27. Deleted Tuples Count: Retrieves the number of tuples (rows) deleted from the PostgreSQL database. Monitoring this metric helps in understanding the delete activity and can be useful for performance tuning and identifying potential issues with data deletion operations.

pg_stat_database_tup_deleted{datname=~"$datname", instance=~"$instance"} != 0

28. Cache Hit Ratio: Calculates the ratio of blocks found in the PostgreSQL buffer cache to the total number of blocks read. Monitoring this metric helps in understanding the efficiency of the database cache and can be useful for performance tuning and identifying potential issues with disk I/O.

pg_stat_database_blks_hit{instance="$instance", datname=~"$datname"} / (pg_stat_database_blks_read{instance="$instance", datname=~"$datname"} + pg_stat_database_blks_hit{instance=~"$instance", datname=~"$datname"})

29. Buffers (bgwriter): This provides insights into the performance of the PostgreSQL background writer using various Prometheus metrics

    irate(pg_stat_bgwriter_buffers_backend{instance="$instance"}[5m])
irate(pg_stat_bgwriter_buffers_alloc{instance="$instance"}[5m])
irate(pg_stat_bgwriter_buffers_backend_fsync{instance="$instance"}[5m])
irate(pg_stat_bgwriter_buffers_checkpoint{instance="$instance"}[5m])
irate(pg_stat_bgwriter_buffers_clean{instance="$instance"}[5m])
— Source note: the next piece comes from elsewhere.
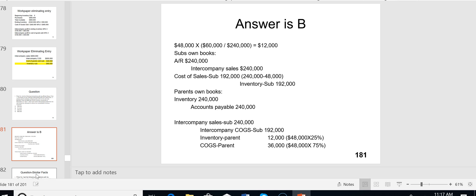On the sub's books (the seller this time), they debit accounts receivable and credit intercompany sales, then debit COGS and credit inventory. Since the sub made a $48,000 profit on a $240,000 sale, their cost was $192,000. On the workpaper we eliminate: $12,000 from inventory (25% still on hand) and $36,000 from cost of goods sold (75% sold). That's a real higher-order CPA exam question.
30. Database Conflicts and Deadlocks Rate: Measures the rate of conflicts and deadlocks occurring in the PostgreSQL database over a 5-minute interval. Monitoring these metrics helps in understanding the contention and concurrency issues within the database, which can be useful for performance tuning and identifying potential problems with transaction management.

   irate(pg_stat_database_conflicts{instance="$instance", datname=~"$datname"}[5m])
irate(pg_stat_database_deadlocks{instance="$instance", datname=~"$datname"}[5m])

Conclusion

These queries provide essential metrics for monitoring the performance, resource usage and status of PostgreSQL instances. Adjust the variables as needed to customize the dashboard for different environments or instances.